Problem requirements:
Output exactly the lines of the listing below that run from the line with "Collinsia verna dagli occhi azzurri, 1927" through the line with "Click to visit our Vineyards section". No pictures.

Given information:
+++
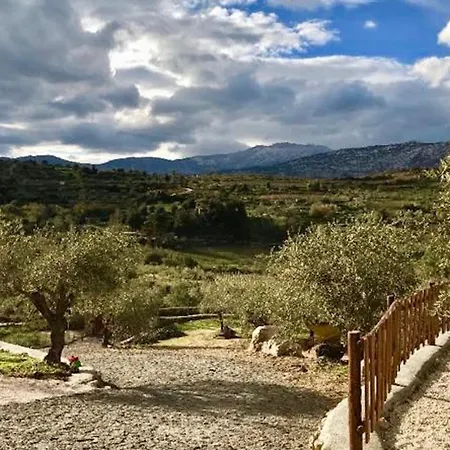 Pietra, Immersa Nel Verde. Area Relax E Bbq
+++
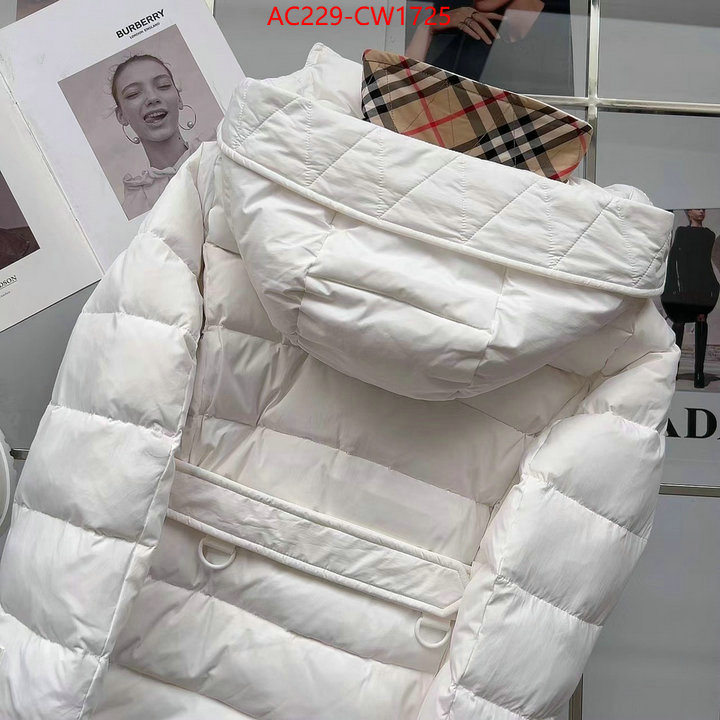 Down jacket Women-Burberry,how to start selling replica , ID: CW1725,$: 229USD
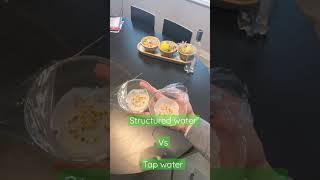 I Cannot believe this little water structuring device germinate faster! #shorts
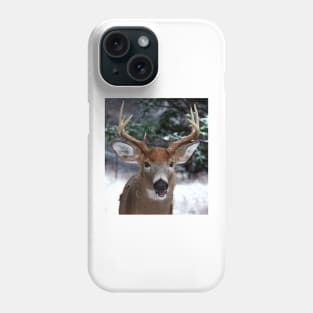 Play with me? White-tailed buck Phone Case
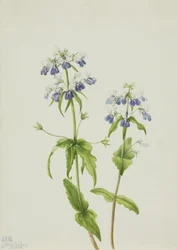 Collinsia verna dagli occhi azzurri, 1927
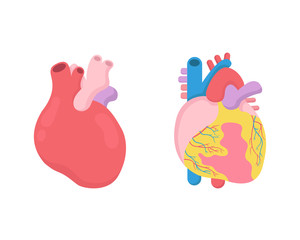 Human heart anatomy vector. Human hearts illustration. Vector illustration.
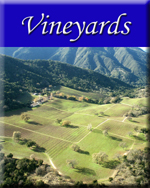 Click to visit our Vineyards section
+++
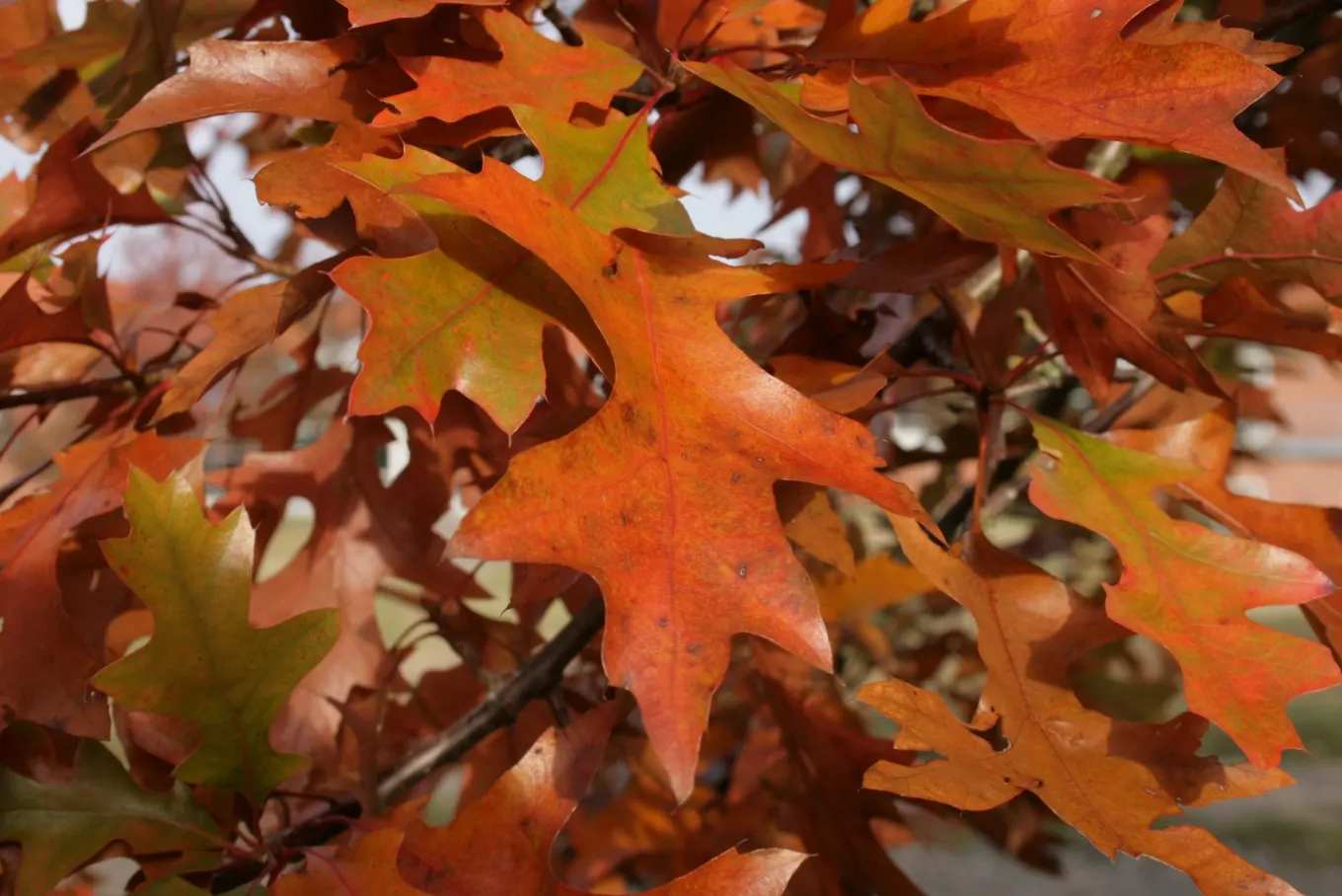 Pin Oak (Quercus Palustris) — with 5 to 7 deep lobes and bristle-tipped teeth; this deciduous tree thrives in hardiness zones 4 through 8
+++
Exercise response:
 Collinsia verna dagli occhi azzurri, 1927
 Human heart anatomy vector. Human hearts illustration. Vector illustration.
 Click to visit our Vineyards section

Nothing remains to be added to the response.